Tuesday, 9 July 2013

Elisabeth's Grandmother's Dessert Pie

Fellow Dieter and Swede Elisabeth shared a Swedish wartime recipe for pie. She says about the recipe:

"It is passed on from my grandmother to my mother to me. Notice it has little sugar, but very much flour - they were farmers and had good access to flour, but not to the rationed sugar."
Here it is:
  • 100 g sugar (a little more than 1 dl, 1dl sugar = 0,85 hg) 
  • 200 g butter 
  • 300 g flour (6 dl of flour - be sure to sweep of the excess, "strukna mått") 
  • Fruit or berries
Mix it all into a paste (or dough) and use about a third to make a bottom crust. Bake in 150 °C until it has a nice golden coulor.

Fill crust with apples (or berrys, for example a mix of raspberry and blueberry), use remaining dough to make a top-crust. Bake in oven until smells tempting and the cover has a nice colour.

Elisabeth says she always adds sugar over the berries or apples, and then enjoys it with lots of custard-sauce. Well, I don't know about "lots of custard sauce" but custard powder wasn't rationed in Britain so if you could get it... I'll leave you to sort that out with your conscience!

Tuesday, 2 July 2013

Great grandmother Anna's Wartime Apple Cake



The recipe is a bit odd, because the actual cake contains neither butter nor eggs and only very little fat poured over it. The story behind it is that my great grandmother, who was a cook, supposedly made this up during the war. My mother used to make this all the time when I grew up, always taking care to feed me some stories about wartime rationing with it.

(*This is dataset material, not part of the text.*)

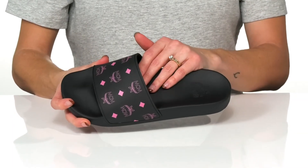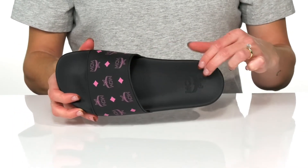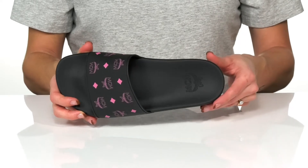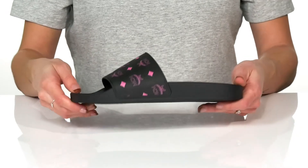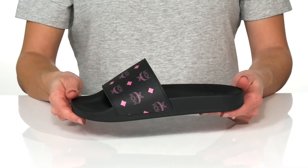They have an easy slip-on design and feature the signature logo on the insole. Underneath, these have a slightly textured synthetic outsole, and you can pop these on after some fun in the sun.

I call it “apple cake” rather than “apple pie” because the result is very much like a very moist, heavy sort of sponge cake. It doesn’t need custard or ice cream or cream and it tastes even better cold and doesn't get dry - it's still fine after a few days in the fridge. It yields a lot too, so it'd be very good for some sort of festive occasion, either with tea or coffee, or as a simple and rustic dessert.
2,5 dl sugar (1 cup)
6 dl flour (2.5 cups)
3 dl milk (1.3 cups)
5 teaspoons baking powder
5-8 apples (depending on size)
sugar, cinnamon
butter or margarine according to taste (I’d say about 100 g but the more the tastier - but obviously, you could get away with much less)
  1. Peel and slice apples very thinly (remove the seeds and such first of course).
  2. Mix sugar, flour and baking powder. Pour the milk a little at the time while stirring. Stir until smooth. It’s going to be not quite like dough, but a lot stickier than when you make ordinary sponge cake or muffins.
  3. Prepare an oven-pan (a large one, I used one that was about 35×30 cm – about 11×14 inches) with butter and breadcrumbs. Pour the mixture into the dish.
  4. Cover it with layer of apple slices.
  5. Pour some sugar and cinnamon on them.
  6. Put on another layer of apples. Add more sugar and cinnamon.
  7. Finish by pouring the melted butter evenly over the cake.